Os autores antes mencionados esclarecem que quando as chances de perda no processo são “remotas”, a empresa não constituirá provisão. Por outro lado, caso haja risco elevado de perda, a classificação apontará perda provável, acarretando, por consequência, o registro do valor estimado de perda da causa como “provável”, hipótese em que a empresa constituirá provisão. Enquanto que na classificação “possível”, ao implicar a sensação de que não há elementos suficientes para garantir certeza de êxito ou de perda para a empresa, não haverá constituição de provisão, mas haverá ressalvas em notas explicativas das Demonstrações Financeiras.[iii]
Conclui-se com o pensamento de que a empresa deva trabalhar com subsídios das áreas compartilhadas, pois somente assim será possível ter elementos suficientes para atrair uma decisão ponderada e correta por parte do gestor/administrador findo o respectivo exercício, devendo-se incorporar metodologias geradoras de eficiência na estrutura de governança, independentemente do tamanho da empresa e da obrigatoriedade de uma escrituração mais completa e detalhada, pois, ao assim proceder, estar-se-á prestigiando o propalado princípio da perenidade da empresa.
Notas e Referências
[i] FERNANDES, Edson Carlos; RIDOLFO NETO, Arthur. Contabilidade aplicada ao direito. São Paulo: Saraiva, 2017, p. 111.
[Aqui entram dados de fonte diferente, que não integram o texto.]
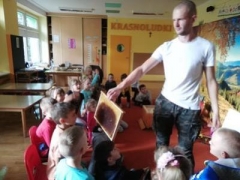 WARSZTATY Z ŻYCIA PSZCZÓŁ_10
[ii] Lei n. 11.638/2007. Art. 3º: “Aplicam-se às sociedades de grande porte, ainda que não constituídas sob a forma de sociedades por ações, as disposições da Lei nº 6.404, de 15 de dezembro de 1976, sobre escrituração e elaboração de demonstrações financeiras e a obrigatoriedade de auditoria independente por auditor registrado na Comissão de Valores Mobiliários”. Parágrafo único. Considera-se de grande porte, para os fins exclusivos desta Lei, a sociedade ou conjunto de sociedades sob controle comum que tiver, no exercício social anterior, ativo total superior a R$ 240.000.000,00 (duzentos e quarenta milhões de reais) ou receita bruta anual superior a R$ 300.000.000,00 (trezentos milhões de reais).
[iii] FERNANDES, Edson Carlos; RIDOLFO NETO, Arthur. Contabilidade aplicada ao direito. São Paulo: Saraiva, 2017, p. 115-116.
Sobre a relação entre o direito e a economia, cabe transcrever os comentários dos referidos autores (p. 15): “A partir de 2008, com a promulgação da Lei n. 11.638, de 2007, e a decorrente implementação dos International Financial Reporting Standards — IFRS pela legislação societária brasileira, a relação entre a Contabilidade e Direito se alterou de maneira significativa”.